We have examined carefully all the cases cited by respondents, and find they are not in point. We shall refer specifically to but one, Lennox v. Vandalia Coal Co., 66 Mo.App. 560, because it is respondents’ contention as stated in their brief that “this case squarely rules the issues here involved.” In the Lennox case the owner of land entered into a lease for a period of twenty years, but' it was also provided that the lease was to expire when the workable coal was exhausted if that occurred earlier. A royalty was provided for based on the amount of coal mined from the premises with a minimum amount of $50 per month. By the express terms of the lease the coal company could process and handle coal on the leased land which had been mined from other land, but apparently no royalty for this use was provided. Prior to the twenty-year period the workable coal was exhausted, but instead of declaring the lease terminated and surrendering possession of the land, the coal company insisted that for the remainder of the twenty years it could continue to process coal on the leased property without paying the minimum of $50 per month. The court held that the coal company could not continue to hold the land under the lease contract and avoid the minimum payment therein provided. The facts of that case are not comparable to those of the present case, and the ruling there does not in any way conflict with the ruling here.

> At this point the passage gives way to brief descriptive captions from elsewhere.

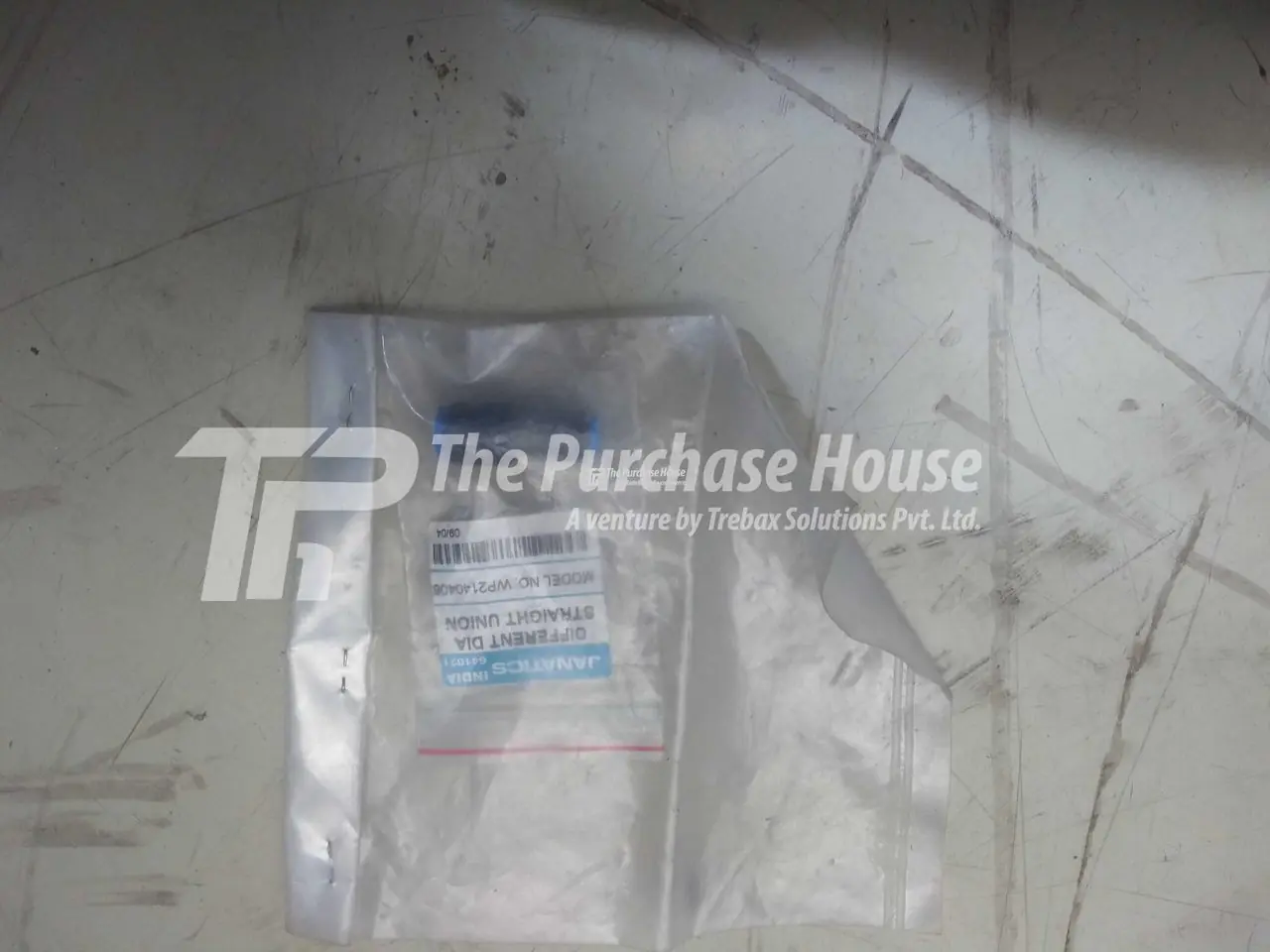 PNEUMATIC STRAIGHT CONNECTOR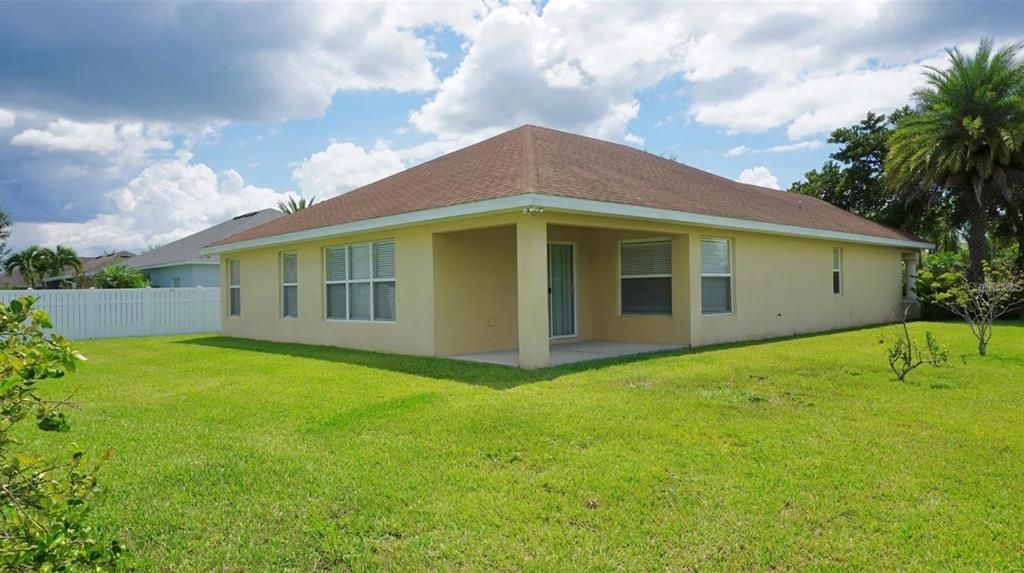 For Rent: $1,900 (3 beds, 2 baths, 1848 Square Feet)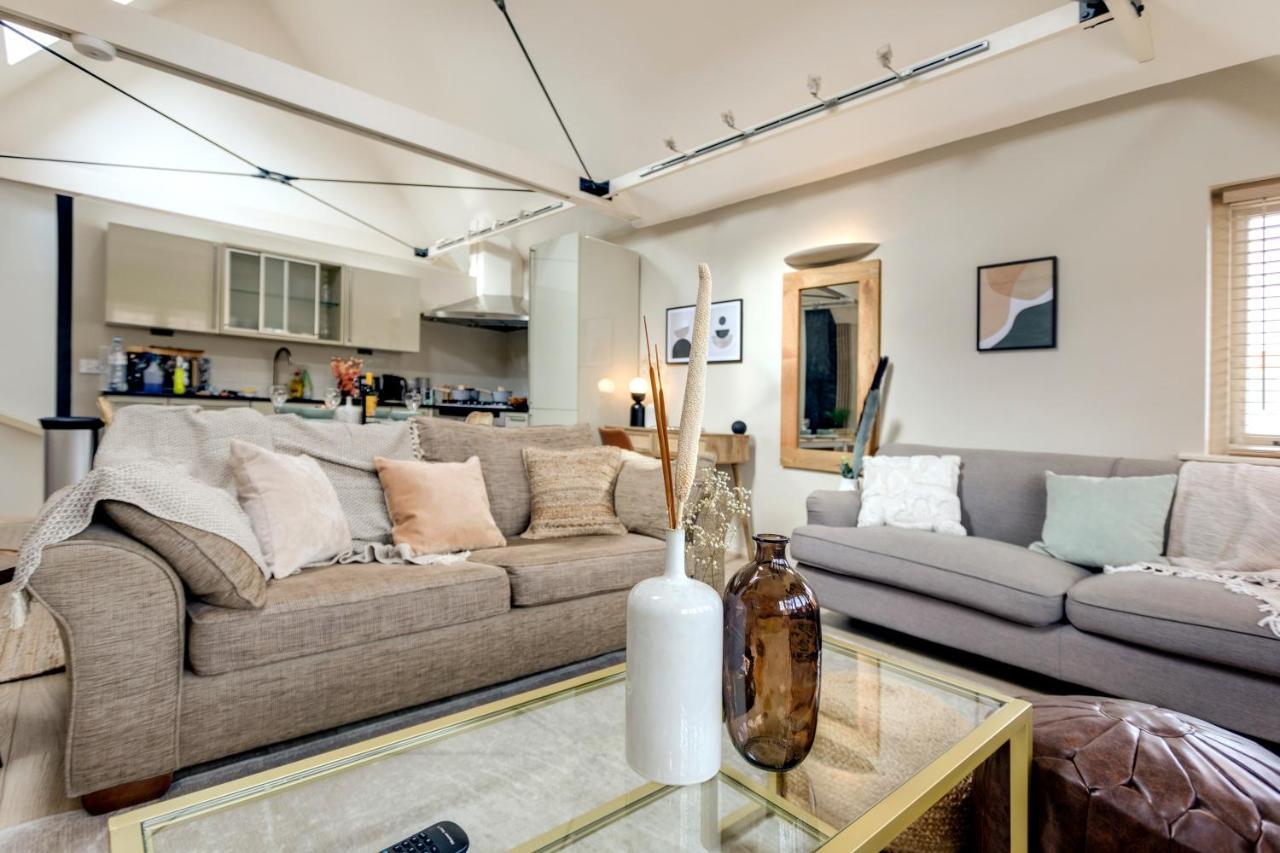The Rafters - 2 Bedroom Apartment - Central Location - Vibrant Atmosphere Canterbury Exterior photo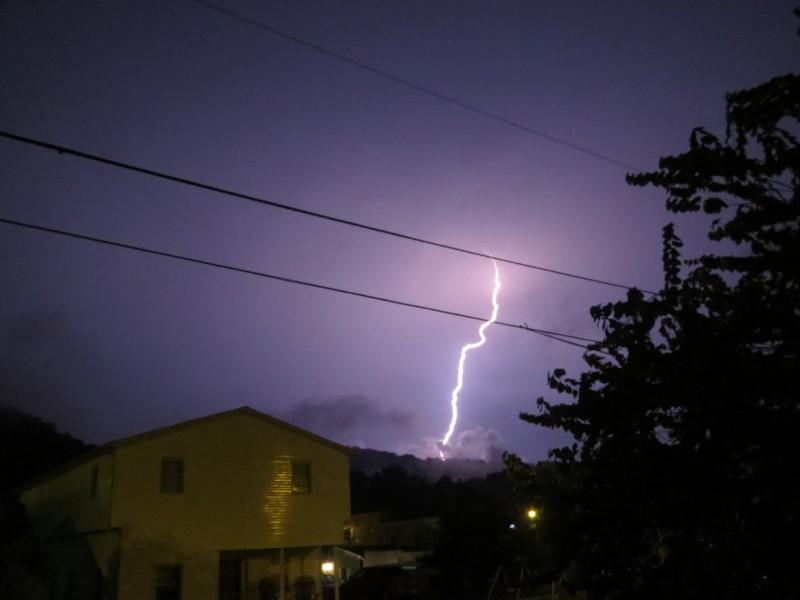 夜晚城市中的閃電圖片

In view of our conclusion that respondents transferred to the Floyds their rights under the lease to receive the royalty payments for the use of the surface estate to process ore from other lands, respondents were not, as a matter of law, entitled to recover those royalties, and that issue should not have been submitted to the jury. The judgment entered on Count I of the petition is reversed.

BOHLING and BARRETT, CC., concur.

PER CURIAM.

The foregoing opinion by STOCKARD, C., is adopted as the opinion of the Court.

All concur.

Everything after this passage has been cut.